Cette réforme ambitieuse doit ménager l'intérêt du contribuable - ce qu'elle fait mieux qu'une mensualisation obligatoire, car le paiement sera fait en douze parts et à la fin des mois - ne pas compliquer la tâche des organismes préleveurs, et être techniquement bien préparée. Notre administration travaille ardemment à sa préparation, et je l'en remercie. Les dispositifs dématérialisés qu'elle a déjà mis en place sont d'ailleurs unanimement appréciés.
Je vous ai adressé par courrier une liste de vingt-sept questions sur cette réforme, qui n'est simple qu'en apparence. Vous avez omis de rappeler que l'article 76 de la loi de finances demande en son dernier alinéa que le Gouvernement présente au Parlement, au plus tard le 1er octobre 2016, les réformes alternatives au prélèvement à la source. La volonté du Sénat n'est donc pas exactement celle que vous avez dite. Qu'apporte ce système de plus qu'une généralisation de la mensualisation et du télépaiement ? Les dispositifs dématérialisés fonctionnent parfaitement, et une mensualisation en douze mois est tout à fait envisageable. Votre réforme aboutit à un prélèvement à la source imparfait, puisque le taux synthétique est calculé sur l'année n-2. Le contribuable devra bel et bien faire une déclaration d'impôt.
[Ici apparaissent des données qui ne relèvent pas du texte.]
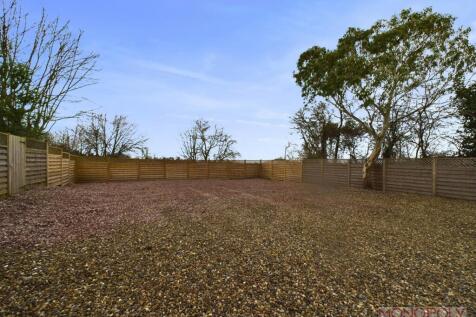 CAM01943G0-PR0375-STILL038.jpg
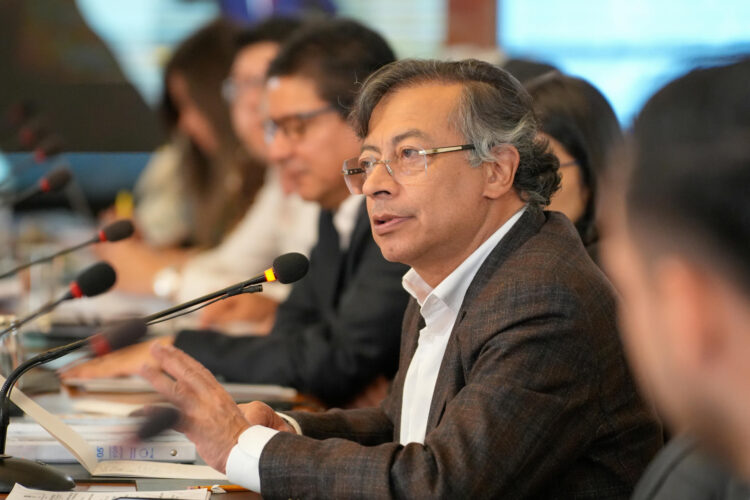 Fotografía cedida este lunes, 15 de septiembre, por la Presidencia de Colombia del mandatario Gustavo Petro (2d), durante un consejo de ministros, en Bogotá (Colombia). EFE/Presidencia de Colombia
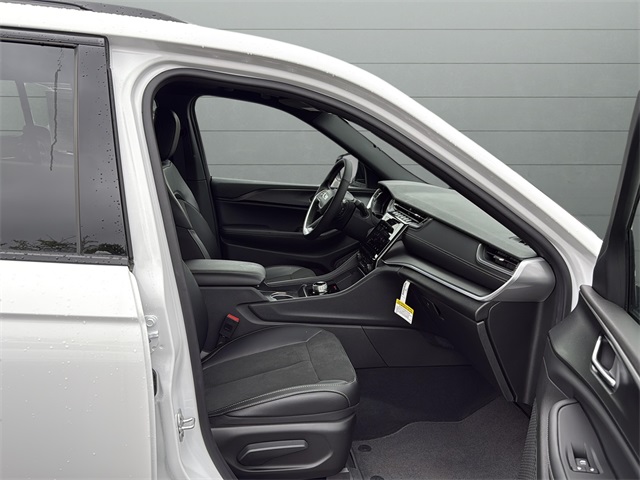 2025 Jeep Grand Cherokee Laredo Altitude photo 21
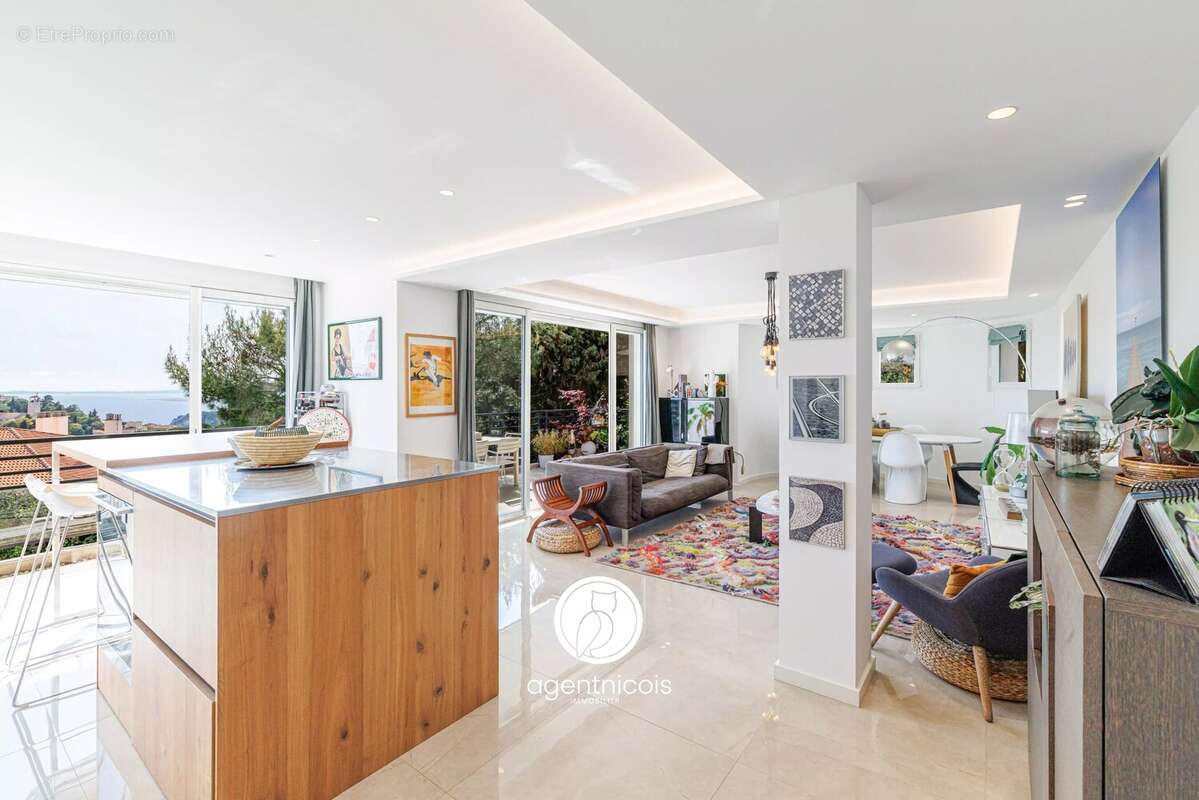 Appartement à VILLEFRANCHE-SUR-MER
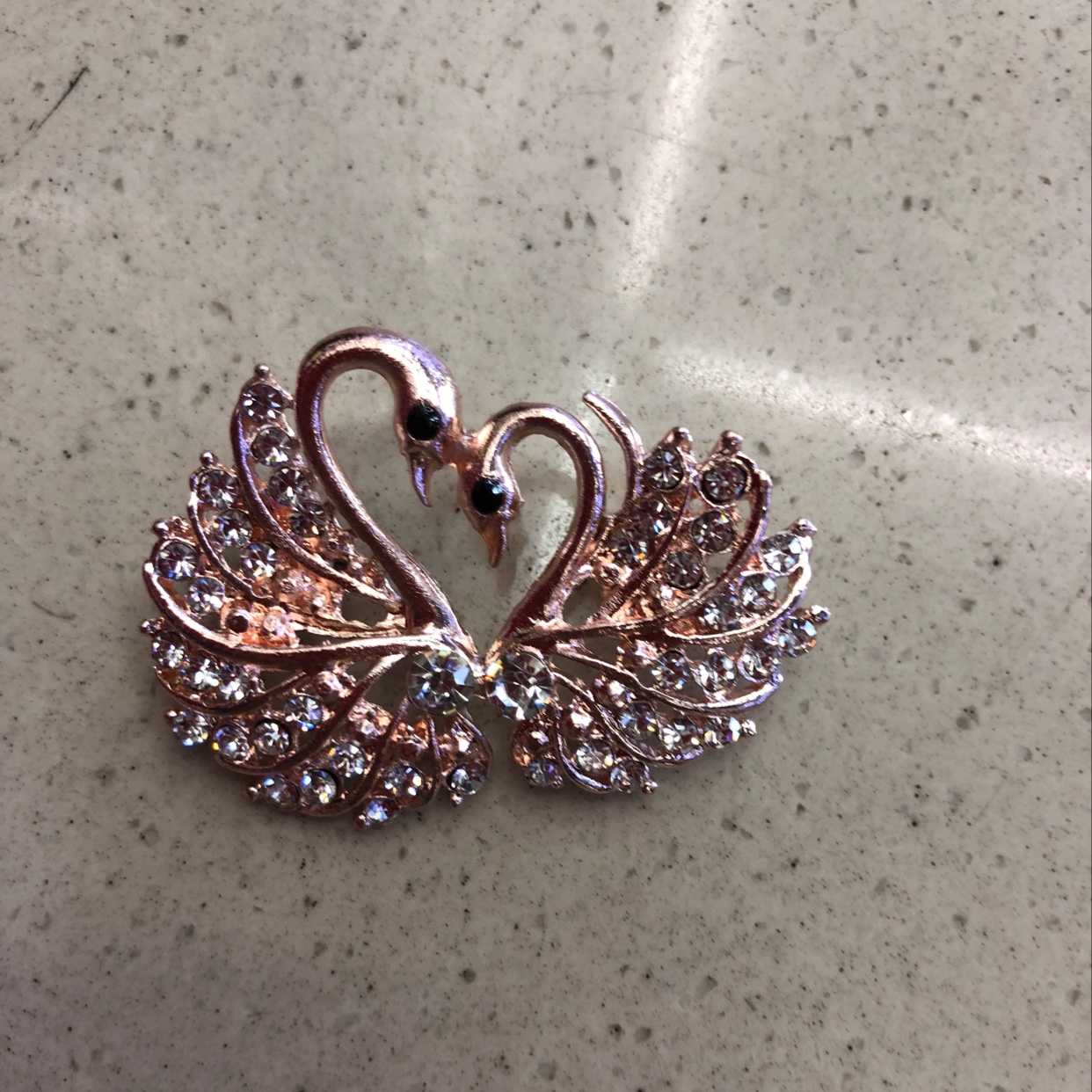 胸针/徽章/徽章磁吸/亚克力胸针/丝巾扣女士时尚产品图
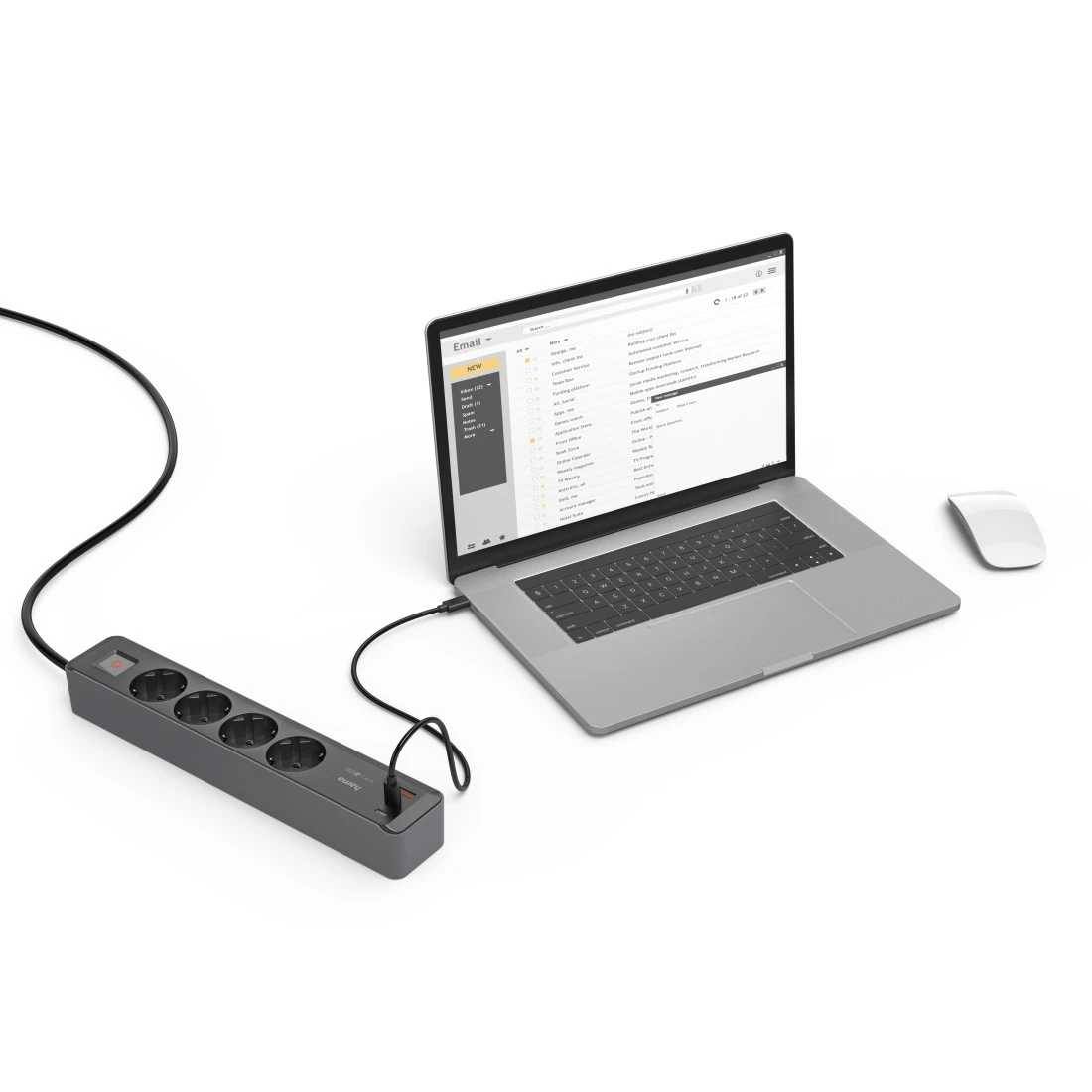 Ordenador portátil conectado a una regleta con cable de alimentación y un ratón blanco sobre fondo blanco.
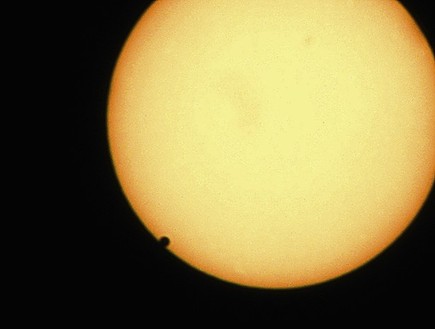 מעבר נוגה על פני השמש (צילום: אימג'בנק/GettyImages, getty images)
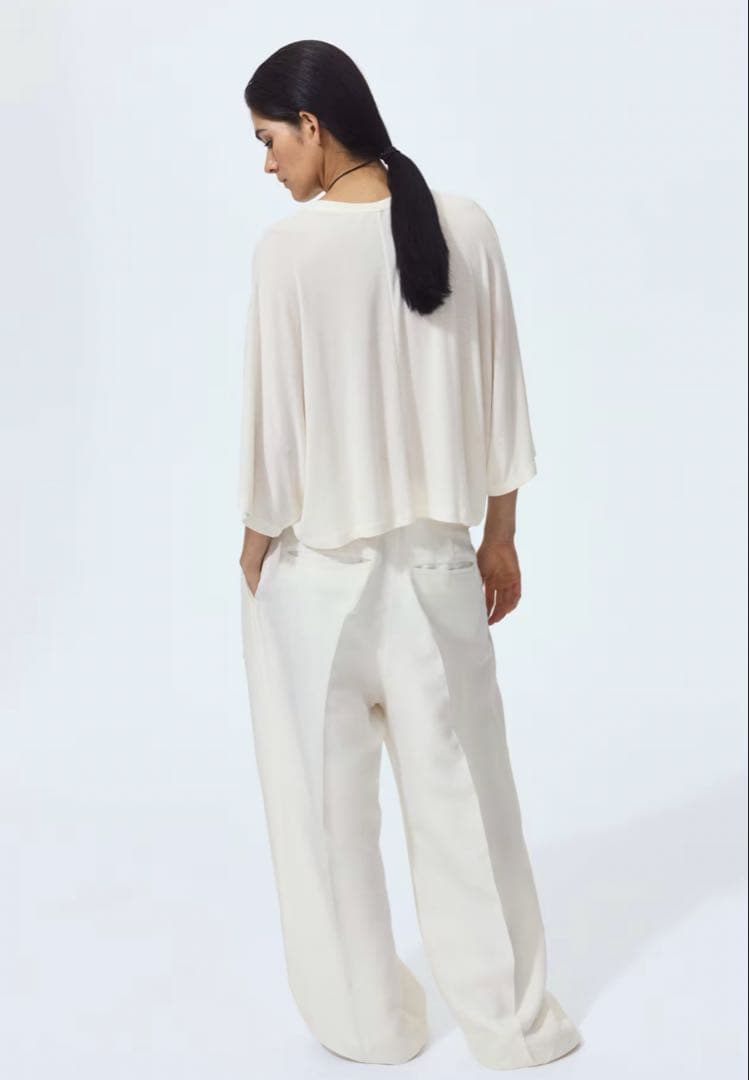 ★新品★人気ブランド！H&M バットウイングスリーブTシャツ — image 4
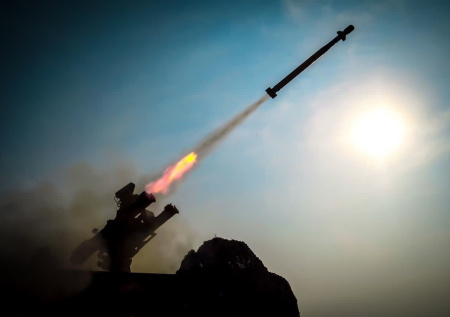 Еще одно судно атаковали рядом с Ормузским проливом у берегов ОАЭ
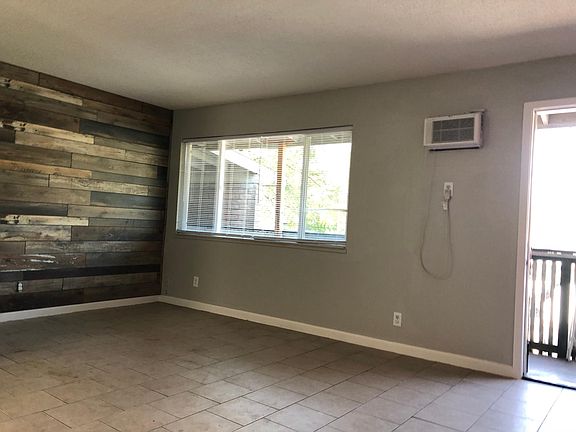 3rd image of 446 E Acacia St APT 2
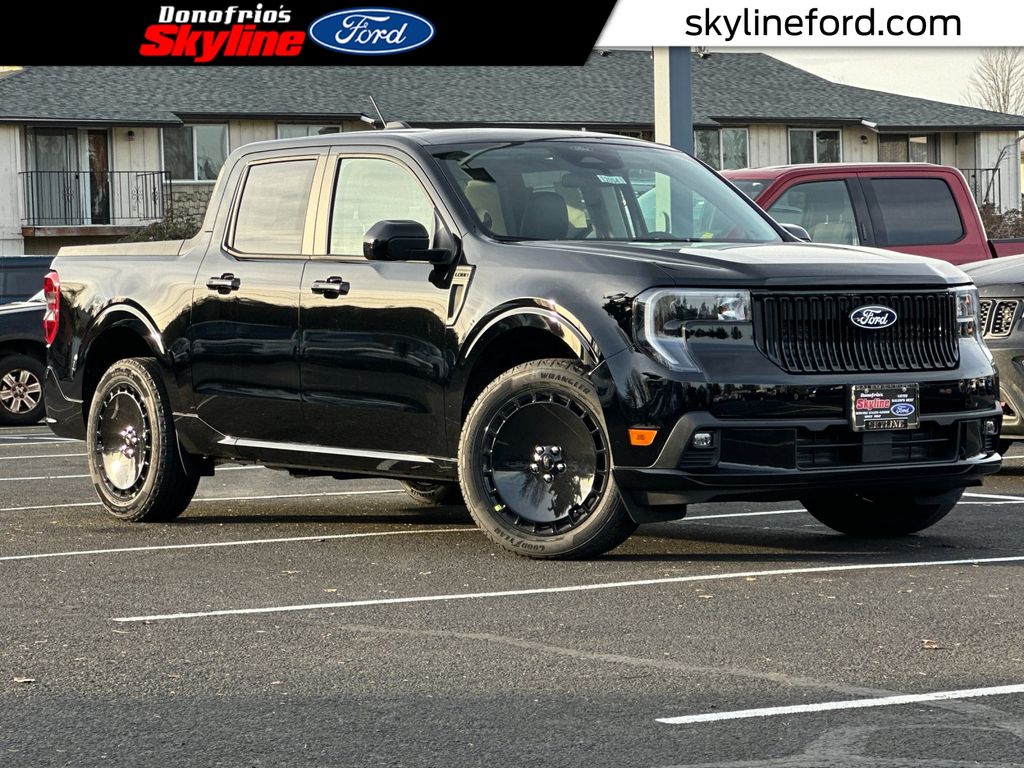 2026 Ford Maverick Lobo Standard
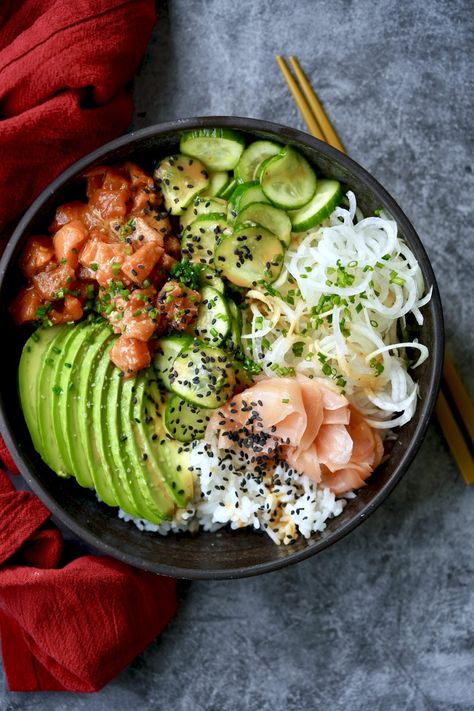 spicy salmon roll sushi bowl Salmon Roll Sushi, Salmon Sushi Bowl Recipe, Salmon Sushi Bowl, Spicy Salmon Roll, Spicy Salmon Sushi, Salmon Sushi Rolls, Sushi Bowl Recipe, Salmon Roll, Roll Sushi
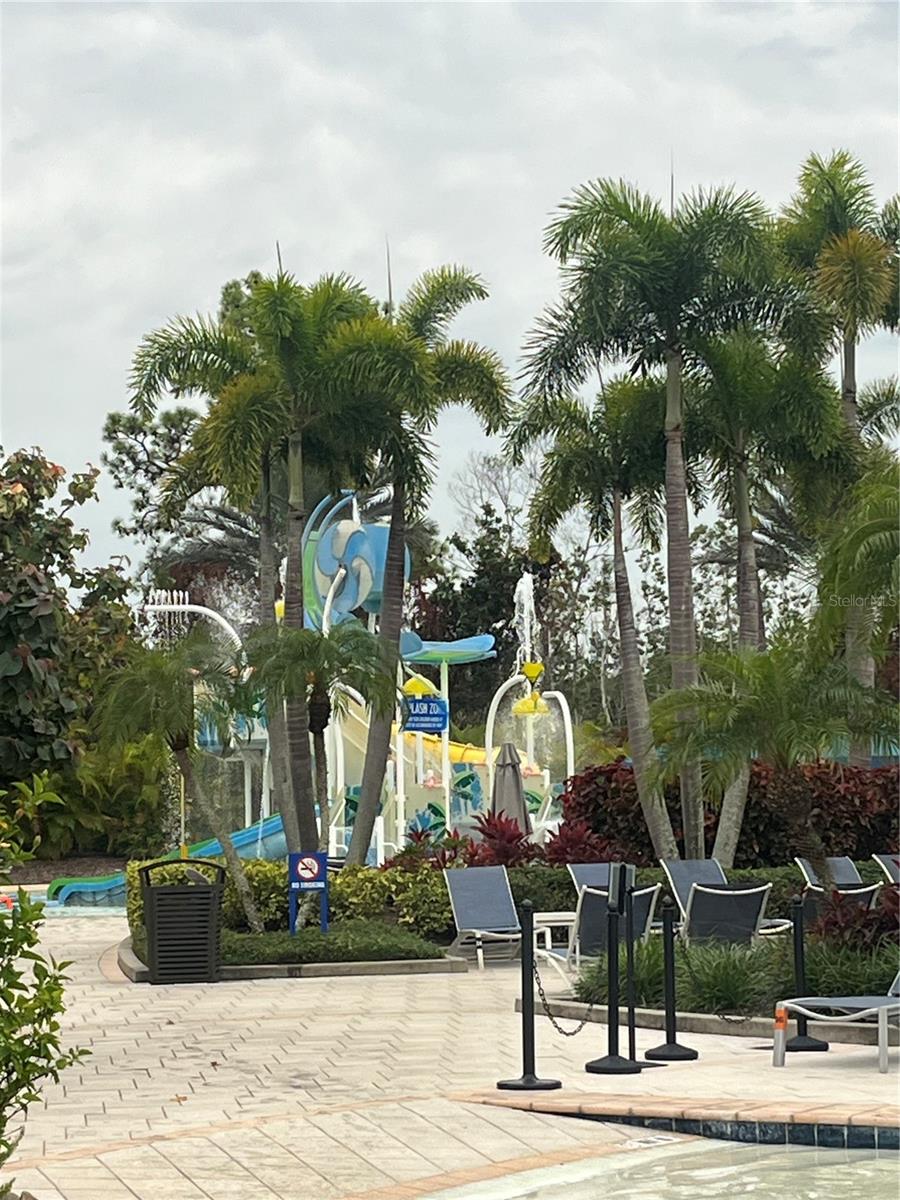 GROVE RESIDENCE & SPA HOTEL CONDO - Residential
Mais les gens l'entendent ainsi. Nul progrès dans l'obligation déclarative, donc. Et la modulation du taux synthétique ne sera pas si simple.
Un jeune qui entre sur le marché du travail ne pourra plus mettre d'argent de côté, puisqu'il paiera dès le premier mois. Comment son taux synthétique sera-t-il calculé ? Comment le sera-t-il pour les étudiants rattachés au foyer fiscal de leurs parents ? Et je ne parle pas des particuliers-employeurs...
Avez-vous estimé le coût de cette réforme pour les entreprises ? Quelles économies l'administration en tirera-t-elle ? Je ne partage pas les idées de Thomas Piketty, mais nous pourrions envisager de fusionner les Unions de recouvrement des cotisations de sécurité sociale et d'allocations familiales (Urssaf) et la DGFiP...
C'est une proposition ? Intéressant...
Alors, pourquoi ne pas fusionner la contribution sociale généralisée (CSG) et l'impôt sur le revenu ?
Ce serait plus complexe, comme l'a montré le rapport du Conseil des prélèvements obligatoires.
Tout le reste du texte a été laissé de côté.